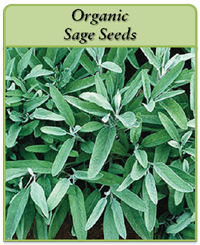 Organic Sage Seeds Organic Sage Seeds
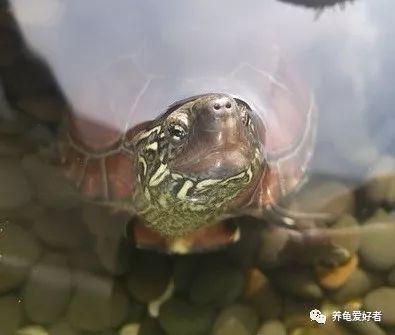 乌龟怕很吵的环境吗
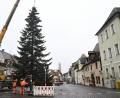 Bild: Petra Hartl
Ja ist denn heut' schon Weihnachten? Natürlich nicht. Aber die Suche nach passenden Weihnachtsbäumen für den Amberger Marktplatz und den Malteserplatz (Bild) muss frühzeitig beginnen, weil sie zuweilen nicht ganz einfach ist.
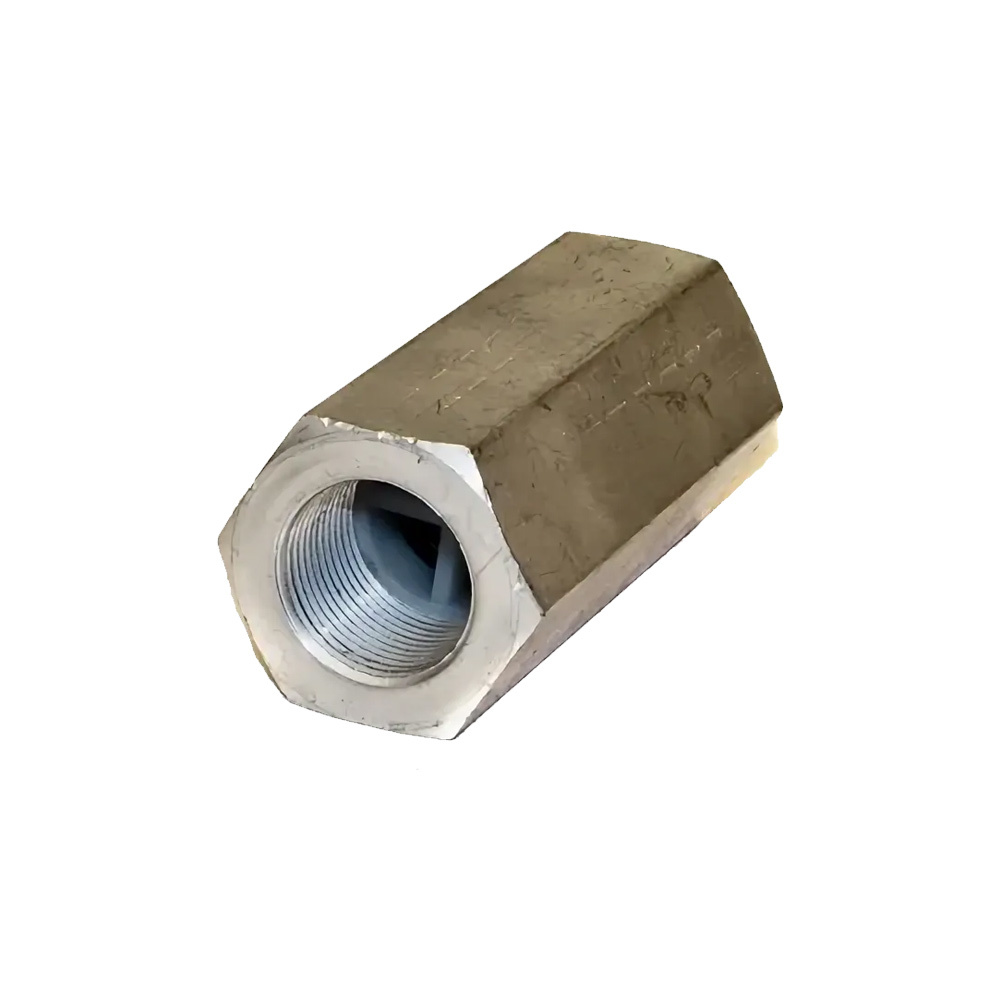 314001001 Non return Valve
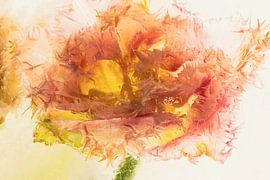 Feathered tulip in ice 3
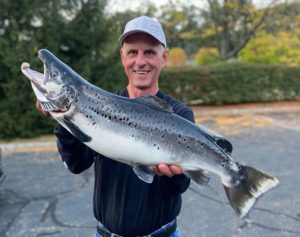 salmon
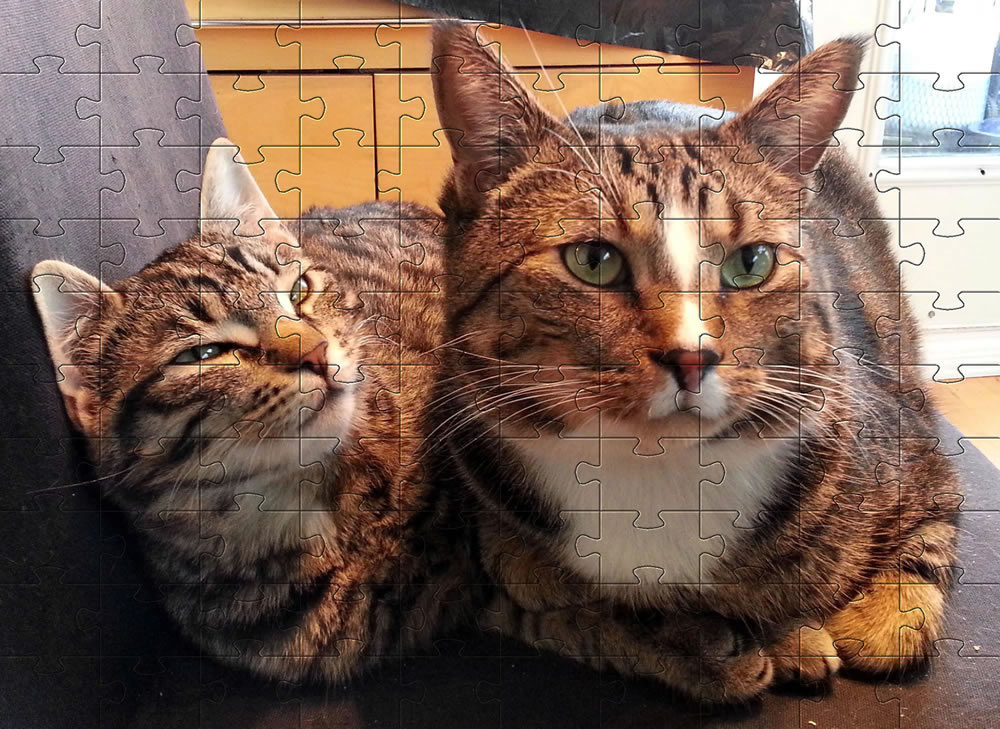 Jigsaw picture 2 - Pets and cats
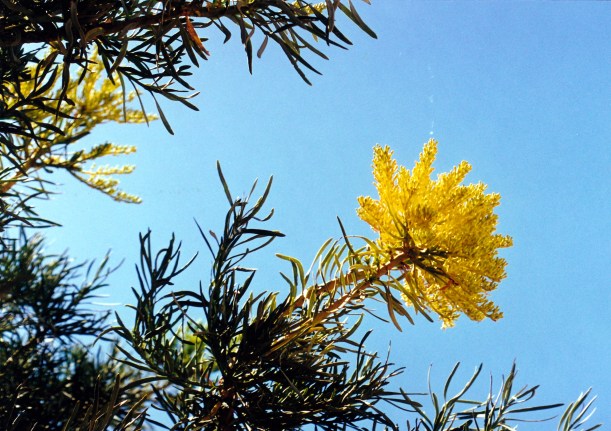 11-16-2000 16 grevillea.jpg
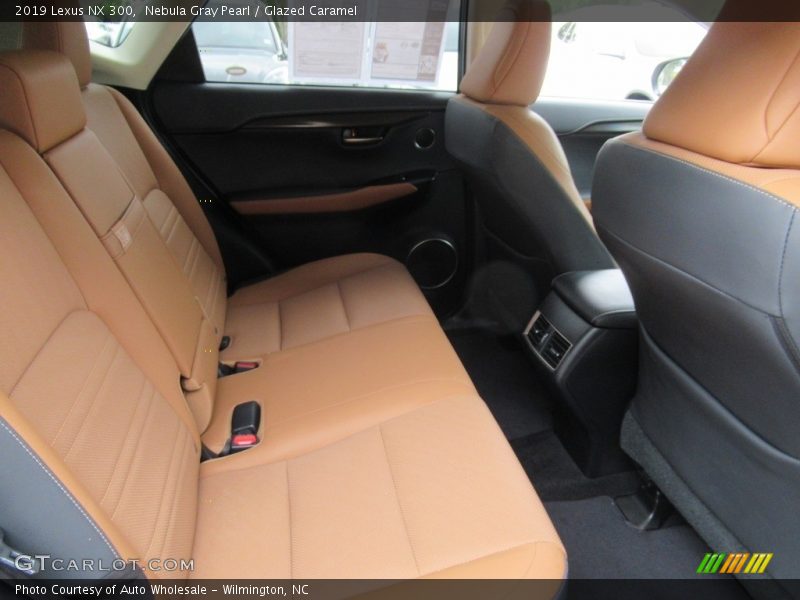 Nebula Gray Pearl / Glazed Caramel 2019 Lexus NX 300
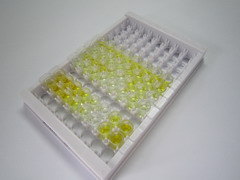 ELISA Kit for Growth Hormone (GH)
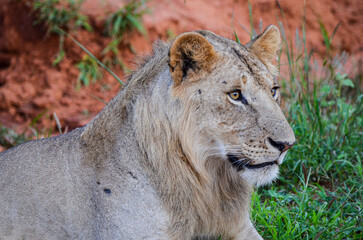 Lion lying on the red ground in Tsavo East National park, Kenya africa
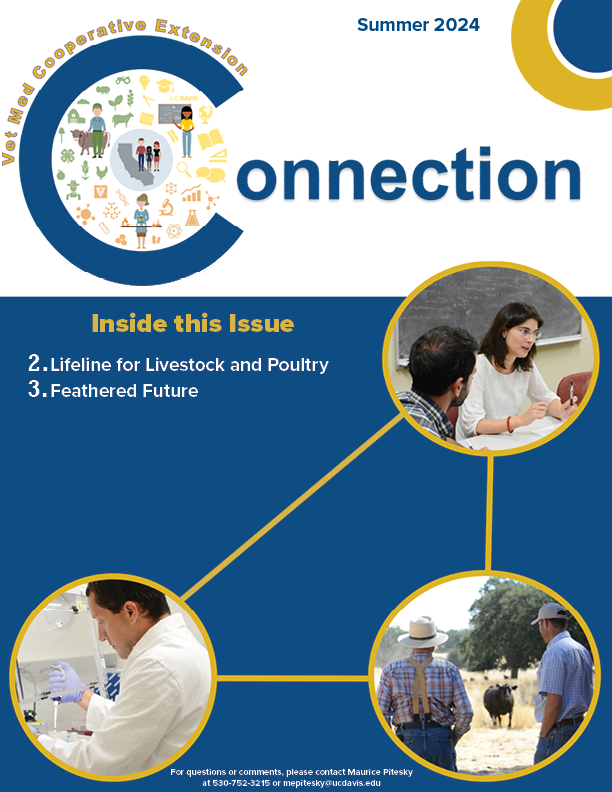 Cover Page of the Summer 2024 newsletter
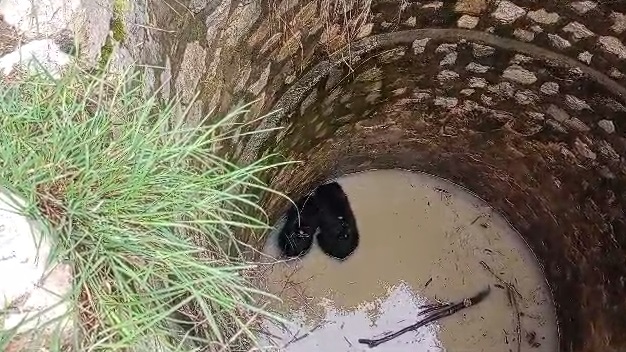 CG NEWS : कुएं में गिरे दो भालू, वन विभाग की टीम ने रेस्क्यू कर निकाला बाहर&hellip;. 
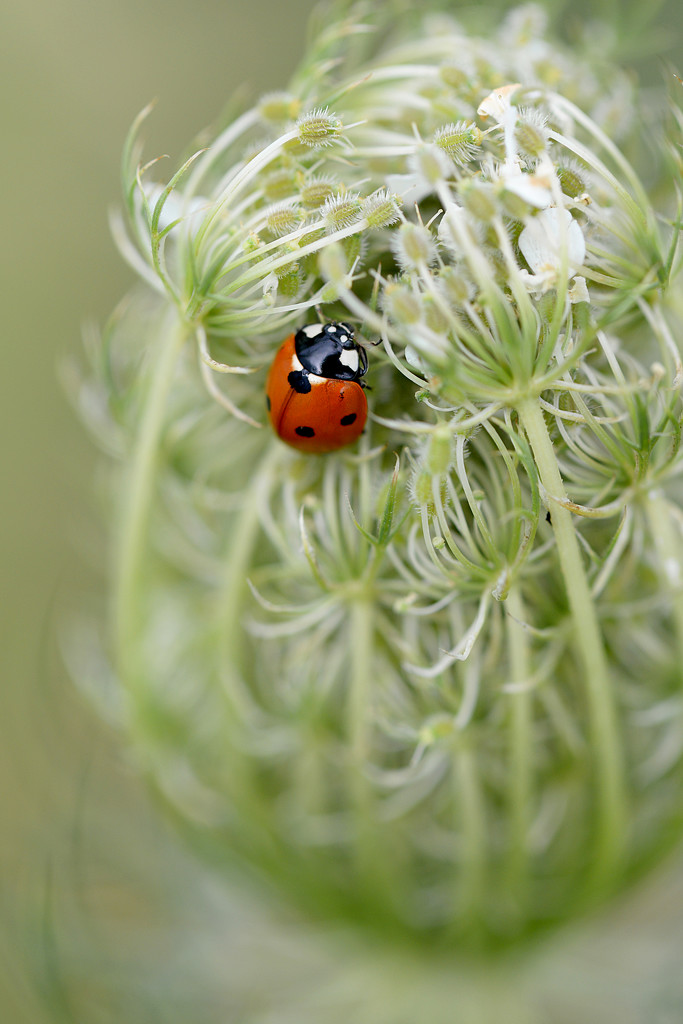 Ladybug on Queen Anne's Lace! by fayefaye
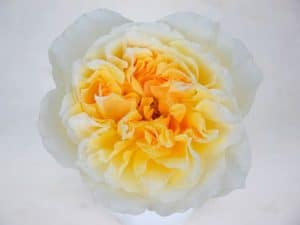 Bloemengroothandel Parfum Flower Company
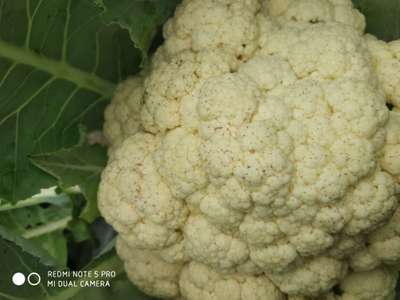 Cabbage Moth - Cauliflower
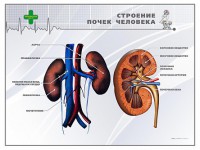 Стенд "Строение почки человека" - fgospostavki.ru - Артёмовский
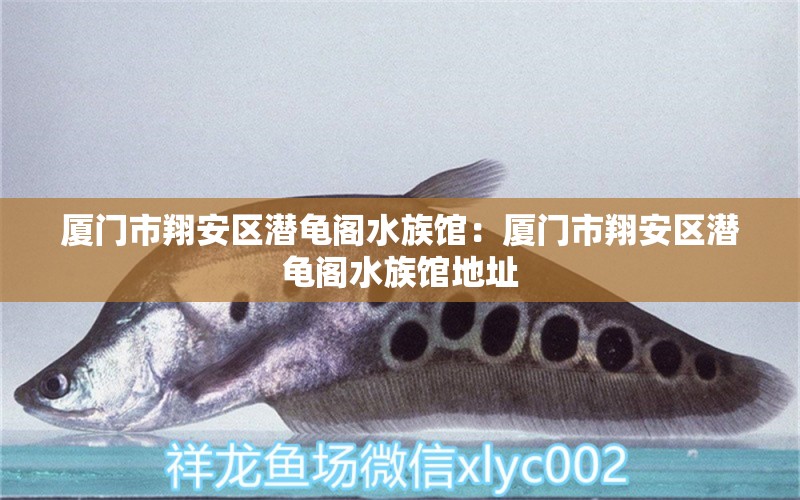 厦门市翔安区潜龟阁水族馆：厦门市翔安区潜龟阁水族馆地址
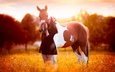лошадь, природа, девушка, платье, поле, конь, венок, солнечный свет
=-=-=
§ What you should do
Give back every entry in full, exactly as written, with no picture included.

§ Final answer
 Organic Sage Seeds Organic Sage Seeds
 乌龟怕很吵的环境吗
 Bild: Petra Hartl
Ja ist denn heut' schon Weihnachten? Natürlich nicht. Aber die Suche nach passenden Weihnachtsbäumen für den Amberger Marktplatz und den Malteserplatz (Bild) muss frühzeitig beginnen, weil sie zuweilen nicht ganz einfach ist.
 314001001 Non return Valve
 Feathered tulip in ice 3
 salmon
 Jigsaw picture 2 - Pets and cats
 11-16-2000 16 grevillea.jpg
 Nebula Gray Pearl / Glazed Caramel 2019 Lexus NX 300
 ELISA Kit for Growth Hormone (GH)
 Lion lying on the red ground in Tsavo East National park, Kenya africa
 Cover Page of the Summer 2024 newsletter
 CG NEWS : कुएं में गिरे दो भालू, वन विभाग की टीम ने रेस्क्यू कर निकाला बाहर&hellip;. 
 Ladybug on Queen Anne's Lace! by fayefaye
 Bloemengroothandel Parfum Flower Company
 Cabbage Moth - Cauliflower
 Стенд "Строение почки человека" - fgospostavki.ru - Артёмовский
 厦门市翔安区潜龟阁水族馆：厦门市翔安区潜龟阁水族馆地址
лошадь, природа, девушка, платье, поле, конь, венок, солнечный свет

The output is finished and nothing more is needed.